== WHAT THE TASK REQUIRES ==
Retype exactly the span of lines below from the one with "Tesla Model 3 Longe Range AWD — fotografia 3" through the one with "Renato Goés homenageia". Do not include pictures.

== ENTRIES PROVIDED ==

◆ ◆ ◆ ◆ ◆ ◆ ◆

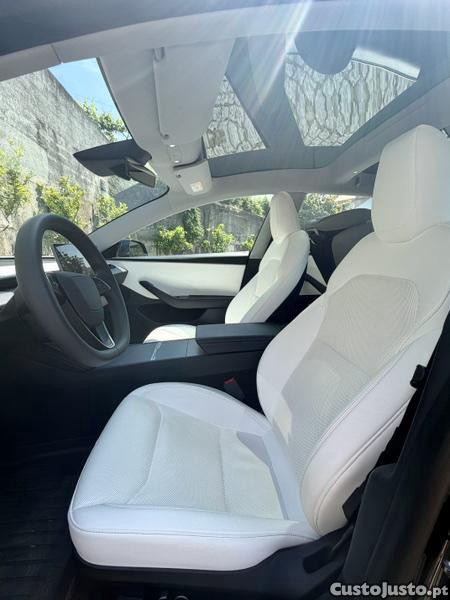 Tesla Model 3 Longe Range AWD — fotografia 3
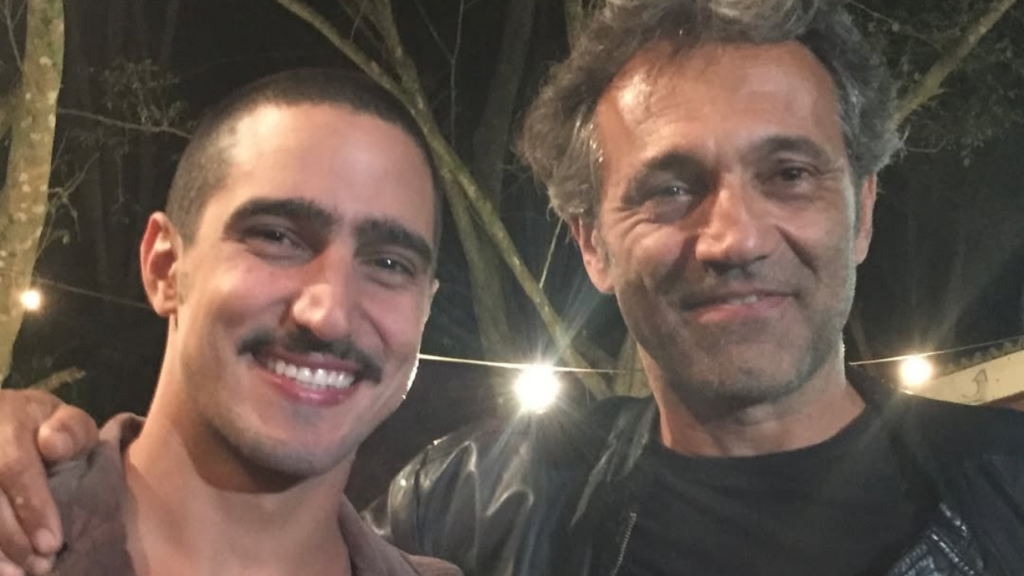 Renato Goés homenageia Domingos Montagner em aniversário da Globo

◆ ◆ ◆ ◆ ◆ ◆ ◆

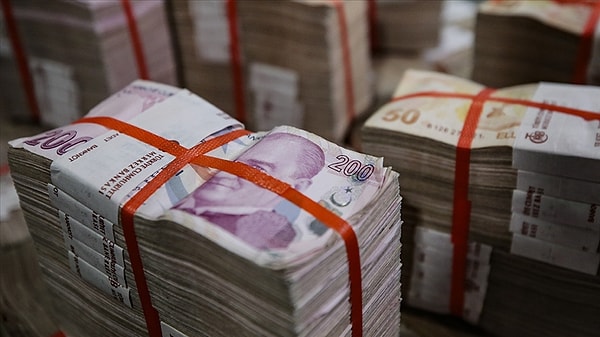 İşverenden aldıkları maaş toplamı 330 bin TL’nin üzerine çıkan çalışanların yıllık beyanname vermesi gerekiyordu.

◆ ◆ ◆ ◆ ◆ ◆ ◆

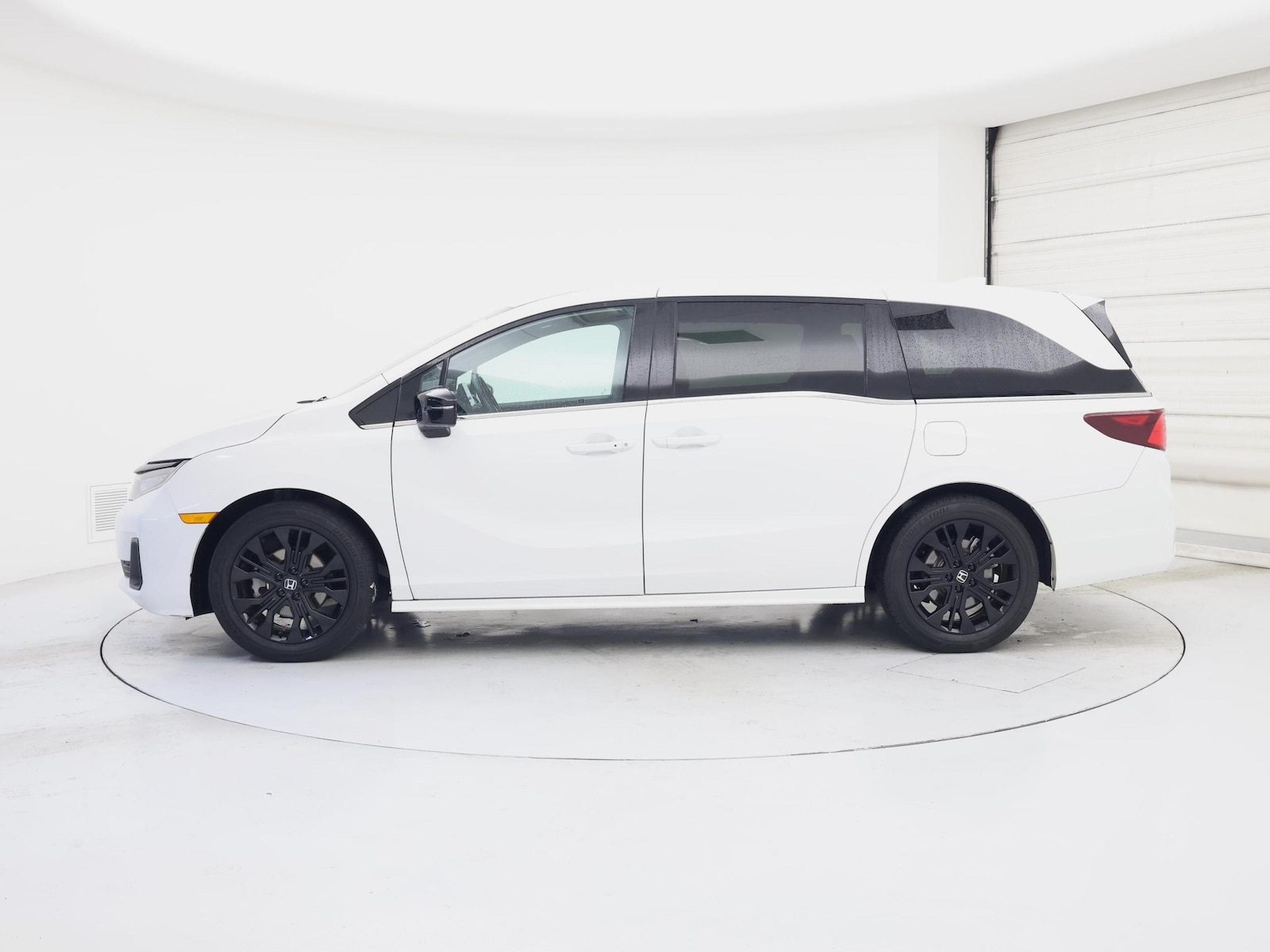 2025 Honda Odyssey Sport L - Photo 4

◆ ◆ ◆ ◆ ◆ ◆ ◆

== WRITTEN SOLUTION ==
 Tesla Model 3 Longe Range AWD — fotografia 3
 Renato Goés homenageia Domingos Montagner em aniversário da Globo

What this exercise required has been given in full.